Monday, January 30, 2017

BCG and Google Behind India's Ban on Cash



Washingtonsblog |  Boston Consulting Group (BCG), the omnipresent US-consulting company, and Google, the global data miner, issued a joint report in July 2016 on the “$500 bn Pot of Gold”, which is the Indian digital payment market. Even though the authors deny it, the report gives much reason to suspect that the authors knew that something radical was imminent from the Indian government. The report is remarkably honest about the aims of the whole exercise.

There is no statement in the BCG-Google-report “Digital Payments 2020” to the effect that it is related to the joint initiative of USAID and the Indian ministry of finance, formally established in 2015, to push back the use of cash and promote digital payments. Rather it is presented as a freestanding initiative of BCG and Google. I reached out to one of the authors, BCG’s senior partner Alpesh Shah, to ask about this and he insisted:  “This was a joint BCG-Google report, with no connection / relation to USAID/Indian Ministry of Finance.” However, there is much to suggest that there was a connection. First of all, the subject so perfectly fits with the program of that partnership. The subtitle of the report is “The Making of a $500 bn ecosystem in India”. The steering committee for the report included a representative of Visa, member of the Better Than Cash Alliance together with USAID and affiliate of the partnership of USAID and Indian finance ministry to advance digital payments. It also included PayTM and Vodafone, which are also part of the CATALYST coalition, a project, which according to USAID, is a “next step” in said partnership of USAID and the Indian finance ministry.

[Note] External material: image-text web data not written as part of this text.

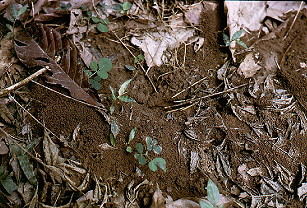 {nest of Myrmicaria striata in soil}
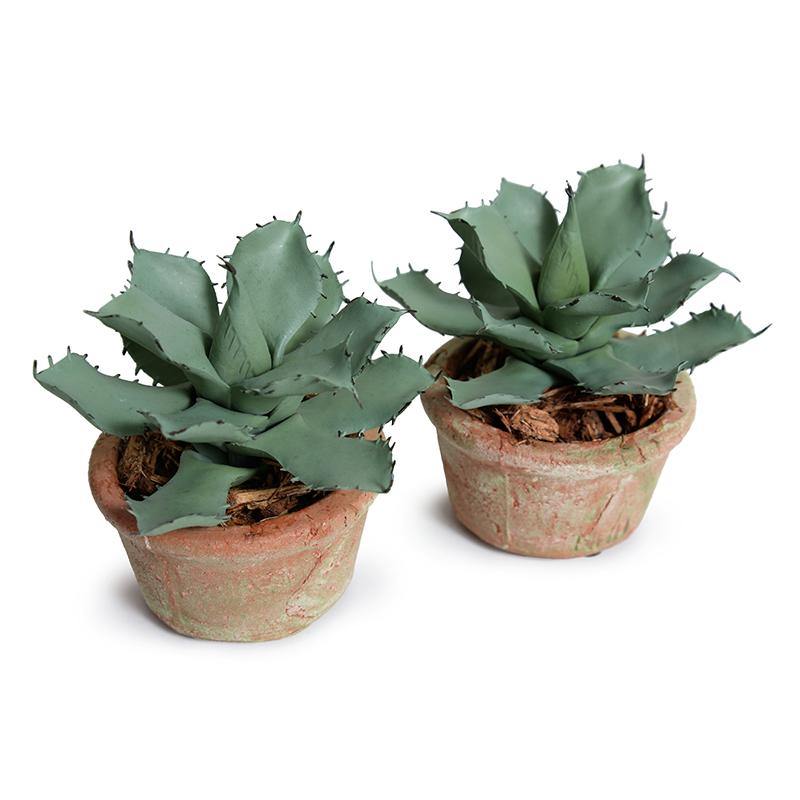 Agave Parrasana Succulent in Rustic Terracotta - New Growth Designs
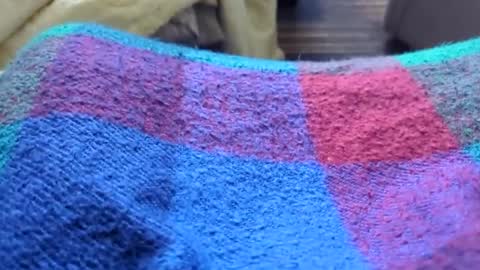 Tiny cock online show from January 11, 2026, 10:26 pm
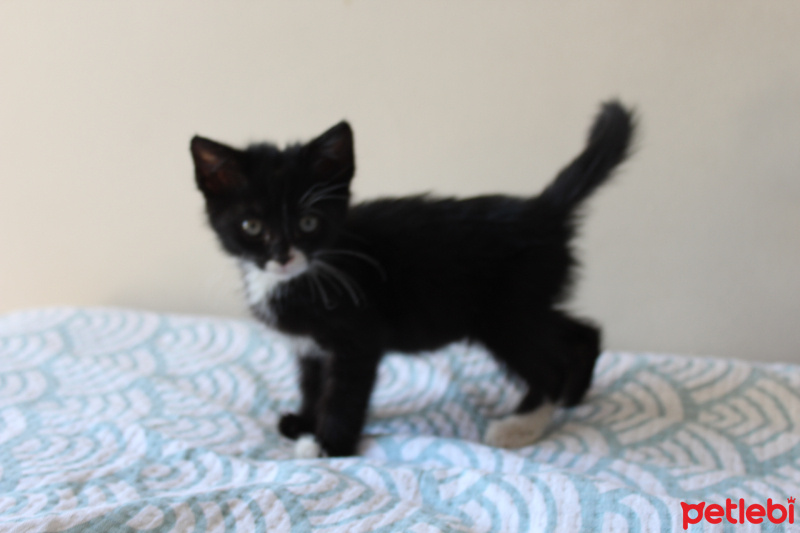 Tuxedo (Smokin) Kedi, Kedi  Bırovni fotoğrafı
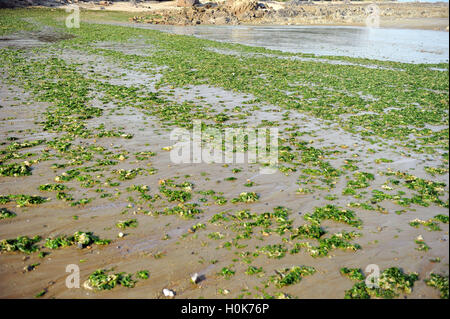 Qingdao, Qingdao, Cina. Il 22 settembre, 2016. Qingdao, CINA-Settembre 21 2016:?(Editorial?uso?Solo.?CINA?OUT) lotti di lattuga di mare copre la spiaggia di Qingdao, Oriente Cina¡Â¯s Provincia di Shandong, Settembre 21st, 2016.i pescatori locali dicono che la lattuga di mare è un gruppo di parte edibile di alghe verdi che è ampiamente distribuita lungo le coste degli oceani di tutto il mondo e non arreca nessun danno all'ambiente. © SIPA Asia/ZUMA filo/Alamy Live News Foto Stock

The report is a call to arms for all payment service providers. They are alerted that things are going to be shaken up in India. On page three it says:

 “We expect the digital payments space to witness significant disruption in the days ahead.”

The disruption came on November 8, when Prime Minister Modi decreed that most of the cash notes by value were no longer legal means of payment. By itself, the remark about the “disruption in the days ahead” might be considered suggestive but weak evidence that BCG and Google new something of those plans. However, combine this with the fact that they forecast a tenfold increase of digital payments and of the merchant acceptance network by 2020 without giving any real compelling reason why such an unlikely development should come to pass.